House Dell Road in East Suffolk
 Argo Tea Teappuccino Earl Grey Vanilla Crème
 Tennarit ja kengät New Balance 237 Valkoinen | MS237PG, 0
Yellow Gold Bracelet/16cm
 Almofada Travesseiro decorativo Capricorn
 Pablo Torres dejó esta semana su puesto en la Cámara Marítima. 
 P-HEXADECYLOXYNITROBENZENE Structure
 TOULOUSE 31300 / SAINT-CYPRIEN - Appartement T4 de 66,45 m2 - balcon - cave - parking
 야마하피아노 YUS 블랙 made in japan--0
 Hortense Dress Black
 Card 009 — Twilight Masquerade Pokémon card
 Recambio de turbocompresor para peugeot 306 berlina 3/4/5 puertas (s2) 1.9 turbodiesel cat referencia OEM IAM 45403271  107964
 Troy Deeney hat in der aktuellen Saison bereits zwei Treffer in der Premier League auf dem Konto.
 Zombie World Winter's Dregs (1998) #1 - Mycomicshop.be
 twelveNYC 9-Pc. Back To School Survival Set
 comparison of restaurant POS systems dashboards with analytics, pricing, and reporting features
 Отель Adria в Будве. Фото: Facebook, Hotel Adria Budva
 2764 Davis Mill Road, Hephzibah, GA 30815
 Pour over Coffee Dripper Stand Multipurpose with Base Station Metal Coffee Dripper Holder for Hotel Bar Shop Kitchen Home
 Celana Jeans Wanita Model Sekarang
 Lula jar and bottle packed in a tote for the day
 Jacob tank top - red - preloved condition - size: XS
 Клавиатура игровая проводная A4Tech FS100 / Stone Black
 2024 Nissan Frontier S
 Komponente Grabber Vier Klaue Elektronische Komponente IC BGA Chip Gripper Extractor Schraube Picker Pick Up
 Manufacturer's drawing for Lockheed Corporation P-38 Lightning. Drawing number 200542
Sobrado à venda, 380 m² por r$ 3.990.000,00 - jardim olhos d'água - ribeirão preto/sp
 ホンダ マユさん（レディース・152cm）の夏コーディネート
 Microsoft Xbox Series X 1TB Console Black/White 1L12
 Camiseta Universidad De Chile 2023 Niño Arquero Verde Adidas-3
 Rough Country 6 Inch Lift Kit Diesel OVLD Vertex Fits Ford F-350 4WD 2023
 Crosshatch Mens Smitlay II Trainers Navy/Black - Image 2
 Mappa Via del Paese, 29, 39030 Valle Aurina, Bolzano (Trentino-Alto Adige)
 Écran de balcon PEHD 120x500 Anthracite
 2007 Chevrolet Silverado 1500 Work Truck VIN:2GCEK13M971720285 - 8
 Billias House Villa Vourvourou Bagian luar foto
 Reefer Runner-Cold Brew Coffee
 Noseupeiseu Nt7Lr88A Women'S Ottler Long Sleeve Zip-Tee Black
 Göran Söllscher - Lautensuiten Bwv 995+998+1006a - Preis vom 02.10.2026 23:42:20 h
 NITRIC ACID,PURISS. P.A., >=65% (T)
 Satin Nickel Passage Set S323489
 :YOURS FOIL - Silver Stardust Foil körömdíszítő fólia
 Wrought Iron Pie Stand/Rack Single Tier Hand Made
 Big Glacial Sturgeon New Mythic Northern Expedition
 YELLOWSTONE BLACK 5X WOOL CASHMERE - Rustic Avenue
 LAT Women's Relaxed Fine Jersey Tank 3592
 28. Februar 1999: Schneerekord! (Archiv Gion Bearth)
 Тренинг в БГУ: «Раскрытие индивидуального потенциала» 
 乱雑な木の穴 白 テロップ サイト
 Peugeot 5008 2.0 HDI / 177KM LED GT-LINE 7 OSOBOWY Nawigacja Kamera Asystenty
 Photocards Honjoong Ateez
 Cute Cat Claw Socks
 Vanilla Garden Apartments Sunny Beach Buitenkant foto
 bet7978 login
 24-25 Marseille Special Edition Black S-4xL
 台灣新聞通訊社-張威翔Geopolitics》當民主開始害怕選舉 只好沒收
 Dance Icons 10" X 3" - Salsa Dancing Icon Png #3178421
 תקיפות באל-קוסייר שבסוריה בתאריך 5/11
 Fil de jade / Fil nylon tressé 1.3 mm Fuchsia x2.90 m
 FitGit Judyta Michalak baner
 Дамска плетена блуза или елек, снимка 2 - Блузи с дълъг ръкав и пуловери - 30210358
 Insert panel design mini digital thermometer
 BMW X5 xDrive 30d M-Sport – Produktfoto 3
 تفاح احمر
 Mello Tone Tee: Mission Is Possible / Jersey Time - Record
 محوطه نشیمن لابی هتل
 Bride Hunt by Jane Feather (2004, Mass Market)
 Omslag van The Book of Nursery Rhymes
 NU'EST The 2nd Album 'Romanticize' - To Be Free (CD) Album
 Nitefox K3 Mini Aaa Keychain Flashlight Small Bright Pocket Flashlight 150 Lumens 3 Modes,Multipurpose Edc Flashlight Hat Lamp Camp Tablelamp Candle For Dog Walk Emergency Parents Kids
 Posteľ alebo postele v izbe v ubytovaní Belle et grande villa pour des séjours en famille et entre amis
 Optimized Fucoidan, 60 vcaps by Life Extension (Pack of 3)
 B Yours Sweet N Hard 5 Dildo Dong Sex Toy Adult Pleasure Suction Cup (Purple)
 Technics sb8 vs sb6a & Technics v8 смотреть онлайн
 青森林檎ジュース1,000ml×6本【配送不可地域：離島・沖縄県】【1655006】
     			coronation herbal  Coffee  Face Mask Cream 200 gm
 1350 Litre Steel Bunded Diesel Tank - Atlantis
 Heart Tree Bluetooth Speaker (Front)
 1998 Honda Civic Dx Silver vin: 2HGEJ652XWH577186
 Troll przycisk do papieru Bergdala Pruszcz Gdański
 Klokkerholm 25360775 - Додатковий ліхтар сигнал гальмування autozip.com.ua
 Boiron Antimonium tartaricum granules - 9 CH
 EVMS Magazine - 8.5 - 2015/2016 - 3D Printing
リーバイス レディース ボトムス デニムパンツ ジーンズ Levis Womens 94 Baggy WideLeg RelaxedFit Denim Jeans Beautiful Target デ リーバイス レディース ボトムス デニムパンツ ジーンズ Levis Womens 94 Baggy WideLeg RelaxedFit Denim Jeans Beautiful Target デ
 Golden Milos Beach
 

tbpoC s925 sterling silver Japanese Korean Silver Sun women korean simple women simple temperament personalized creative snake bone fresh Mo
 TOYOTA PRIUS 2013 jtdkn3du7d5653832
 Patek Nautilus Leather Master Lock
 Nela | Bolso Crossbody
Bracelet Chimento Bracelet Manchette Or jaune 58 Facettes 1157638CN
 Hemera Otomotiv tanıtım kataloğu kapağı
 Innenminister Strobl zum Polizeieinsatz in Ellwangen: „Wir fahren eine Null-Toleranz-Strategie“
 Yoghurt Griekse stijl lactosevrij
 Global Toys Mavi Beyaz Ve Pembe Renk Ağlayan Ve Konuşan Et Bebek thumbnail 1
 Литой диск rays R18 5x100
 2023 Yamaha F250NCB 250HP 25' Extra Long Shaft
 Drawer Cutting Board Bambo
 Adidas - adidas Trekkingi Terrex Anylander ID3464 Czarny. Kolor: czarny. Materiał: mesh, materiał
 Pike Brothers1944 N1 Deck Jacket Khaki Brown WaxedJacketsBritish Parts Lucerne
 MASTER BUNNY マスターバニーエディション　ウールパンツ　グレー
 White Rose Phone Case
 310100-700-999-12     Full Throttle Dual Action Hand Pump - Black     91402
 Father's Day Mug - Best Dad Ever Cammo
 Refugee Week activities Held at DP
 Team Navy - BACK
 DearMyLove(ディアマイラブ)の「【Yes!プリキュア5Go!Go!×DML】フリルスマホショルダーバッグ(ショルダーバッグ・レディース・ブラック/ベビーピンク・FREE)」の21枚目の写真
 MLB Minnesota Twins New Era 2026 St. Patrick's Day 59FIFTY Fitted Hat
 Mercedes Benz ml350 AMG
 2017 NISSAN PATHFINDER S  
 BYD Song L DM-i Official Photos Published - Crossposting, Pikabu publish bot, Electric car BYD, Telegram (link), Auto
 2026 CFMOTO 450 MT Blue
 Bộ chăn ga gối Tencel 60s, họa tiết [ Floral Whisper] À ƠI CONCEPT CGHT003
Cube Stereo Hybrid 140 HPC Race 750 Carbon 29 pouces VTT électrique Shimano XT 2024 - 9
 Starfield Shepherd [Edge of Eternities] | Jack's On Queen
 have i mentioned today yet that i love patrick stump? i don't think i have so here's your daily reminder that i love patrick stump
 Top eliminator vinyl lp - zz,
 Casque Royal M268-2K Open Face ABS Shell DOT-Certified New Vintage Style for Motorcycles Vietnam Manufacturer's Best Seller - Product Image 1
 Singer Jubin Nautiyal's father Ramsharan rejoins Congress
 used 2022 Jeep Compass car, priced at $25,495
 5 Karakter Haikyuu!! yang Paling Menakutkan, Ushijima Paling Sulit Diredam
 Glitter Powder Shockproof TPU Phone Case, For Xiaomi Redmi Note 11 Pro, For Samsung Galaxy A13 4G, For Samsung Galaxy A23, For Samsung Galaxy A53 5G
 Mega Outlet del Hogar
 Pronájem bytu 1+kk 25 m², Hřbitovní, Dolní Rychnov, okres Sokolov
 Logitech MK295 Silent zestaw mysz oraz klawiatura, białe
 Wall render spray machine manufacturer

________________

• Task statement: Your task is to transcribe, with no changes, only the lines of the listing above that lie between the line holding "Hemera Otomotiv tanıtım kataloğu kapağı" and the line holding "Drawer Cutting Board Bambo", inclusive.

• Response to the exercise:
 Hemera Otomotiv tanıtım kataloğu kapağı
 Innenminister Strobl zum Polizeieinsatz in Ellwangen: „Wir fahren eine Null-Toleranz-Strategie“
 Yoghurt Griekse stijl lactosevrij
 Global Toys Mavi Beyaz Ve Pembe Renk Ağlayan Ve Konuşan Et Bebek thumbnail 1
 Литой диск rays R18 5x100
 2023 Yamaha F250NCB 250HP 25' Extra Long Shaft
 Drawer Cutting Board Bambo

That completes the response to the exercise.